Starting at the top of the records, output every line through the one that contains "solid silver and crystal pendant - image 2", keeping each exactly as it appears.
*** Data listing Section Begins ***
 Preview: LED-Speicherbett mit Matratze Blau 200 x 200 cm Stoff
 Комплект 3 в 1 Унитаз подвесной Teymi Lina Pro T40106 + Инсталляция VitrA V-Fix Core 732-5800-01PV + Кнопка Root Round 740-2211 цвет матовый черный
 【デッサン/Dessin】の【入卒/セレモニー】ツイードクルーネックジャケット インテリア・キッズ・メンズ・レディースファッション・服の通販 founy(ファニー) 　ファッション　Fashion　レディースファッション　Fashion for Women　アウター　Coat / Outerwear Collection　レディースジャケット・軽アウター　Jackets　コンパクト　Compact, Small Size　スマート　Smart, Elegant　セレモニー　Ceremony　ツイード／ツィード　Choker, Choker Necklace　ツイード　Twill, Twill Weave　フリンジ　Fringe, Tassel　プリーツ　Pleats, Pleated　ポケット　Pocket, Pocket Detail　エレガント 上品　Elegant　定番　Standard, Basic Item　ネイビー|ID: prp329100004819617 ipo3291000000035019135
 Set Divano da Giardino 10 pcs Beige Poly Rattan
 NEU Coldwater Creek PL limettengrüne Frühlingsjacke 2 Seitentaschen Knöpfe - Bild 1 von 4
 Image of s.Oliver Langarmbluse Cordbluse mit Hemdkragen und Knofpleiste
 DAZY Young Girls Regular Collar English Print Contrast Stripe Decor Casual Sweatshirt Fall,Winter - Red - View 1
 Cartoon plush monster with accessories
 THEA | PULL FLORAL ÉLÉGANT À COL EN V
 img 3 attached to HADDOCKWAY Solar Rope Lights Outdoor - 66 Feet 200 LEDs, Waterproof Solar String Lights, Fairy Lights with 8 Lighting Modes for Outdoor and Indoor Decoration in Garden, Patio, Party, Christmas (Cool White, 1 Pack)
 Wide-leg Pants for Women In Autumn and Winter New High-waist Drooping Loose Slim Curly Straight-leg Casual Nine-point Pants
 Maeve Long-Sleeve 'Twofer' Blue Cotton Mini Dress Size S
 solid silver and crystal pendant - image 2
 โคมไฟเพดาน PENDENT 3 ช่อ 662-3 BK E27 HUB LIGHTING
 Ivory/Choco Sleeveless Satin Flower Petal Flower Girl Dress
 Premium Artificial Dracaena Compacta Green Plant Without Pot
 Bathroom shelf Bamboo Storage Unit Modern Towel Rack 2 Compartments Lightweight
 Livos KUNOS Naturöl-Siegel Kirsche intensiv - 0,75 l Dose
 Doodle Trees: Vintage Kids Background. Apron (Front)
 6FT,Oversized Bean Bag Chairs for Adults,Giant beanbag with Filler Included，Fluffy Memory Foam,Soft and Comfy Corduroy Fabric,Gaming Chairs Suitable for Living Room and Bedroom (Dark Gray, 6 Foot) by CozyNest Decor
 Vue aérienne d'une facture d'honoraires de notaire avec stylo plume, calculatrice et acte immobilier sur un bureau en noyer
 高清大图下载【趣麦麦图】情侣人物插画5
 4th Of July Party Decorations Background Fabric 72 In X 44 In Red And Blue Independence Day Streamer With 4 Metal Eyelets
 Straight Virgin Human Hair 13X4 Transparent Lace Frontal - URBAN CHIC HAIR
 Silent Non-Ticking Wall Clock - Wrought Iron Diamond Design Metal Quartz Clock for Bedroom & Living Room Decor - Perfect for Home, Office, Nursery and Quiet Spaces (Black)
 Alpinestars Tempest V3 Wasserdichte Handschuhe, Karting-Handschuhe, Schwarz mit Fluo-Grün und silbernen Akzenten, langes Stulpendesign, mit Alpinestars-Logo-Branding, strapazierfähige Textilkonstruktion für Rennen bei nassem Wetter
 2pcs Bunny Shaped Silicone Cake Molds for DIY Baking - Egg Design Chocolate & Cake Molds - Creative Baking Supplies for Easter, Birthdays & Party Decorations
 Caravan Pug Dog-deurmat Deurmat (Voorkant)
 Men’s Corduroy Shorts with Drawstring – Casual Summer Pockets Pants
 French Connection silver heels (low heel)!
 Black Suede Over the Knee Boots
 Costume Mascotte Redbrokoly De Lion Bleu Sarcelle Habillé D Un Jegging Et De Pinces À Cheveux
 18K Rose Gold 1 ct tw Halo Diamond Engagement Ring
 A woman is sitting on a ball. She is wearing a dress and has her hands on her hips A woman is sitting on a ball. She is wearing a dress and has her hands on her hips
*** Data listing Section Ends ***
* _Exercise output_
 Preview: LED-Speicherbett mit Matratze Blau 200 x 200 cm Stoff
 Комплект 3 в 1 Унитаз подвесной Teymi Lina Pro T40106 + Инсталляция VitrA V-Fix Core 732-5800-01PV + Кнопка Root Round 740-2211 цвет матовый черный
 【デッサン/Dessin】の【入卒/セレモニー】ツイードクルーネックジャケット インテリア・キッズ・メンズ・レディースファッション・服の通販 founy(ファニー) 　ファッション　Fashion　レディースファッション　Fashion for Women　アウター　Coat / Outerwear Collection　レディースジャケット・軽アウター　Jackets　コンパクト　Compact, Small Size　スマート　Smart, Elegant　セレモニー　Ceremony　ツイード／ツィード　Choker, Choker Necklace　ツイード　Twill, Twill Weave　フリンジ　Fringe, Tassel　プリーツ　Pleats, Pleated　ポケット　Pocket, Pocket Detail　エレガント 上品　Elegant　定番　Standard, Basic Item　ネイビー|ID: prp329100004819617 ipo3291000000035019135
 Set Divano da Giardino 10 pcs Beige Poly Rattan
 NEU Coldwater Creek PL limettengrüne Frühlingsjacke 2 Seitentaschen Knöpfe - Bild 1 von 4
 Image of s.Oliver Langarmbluse Cordbluse mit Hemdkragen und Knofpleiste
 DAZY Young Girls Regular Collar English Print Contrast Stripe Decor Casual Sweatshirt Fall,Winter - Red - View 1
 Cartoon plush monster with accessories
 THEA | PULL FLORAL ÉLÉGANT À COL EN V
 img 3 attached to HADDOCKWAY Solar Rope Lights Outdoor - 66 Feet 200 LEDs, Waterproof Solar String Lights, Fairy Lights with 8 Lighting Modes for Outdoor and Indoor Decoration in Garden, Patio, Party, Christmas (Cool White, 1 Pack)
 Wide-leg Pants for Women In Autumn and Winter New High-waist Drooping Loose Slim Curly Straight-leg Casual Nine-point Pants
 Maeve Long-Sleeve 'Twofer' Blue Cotton Mini Dress Size S
 solid silver and crystal pendant - image 2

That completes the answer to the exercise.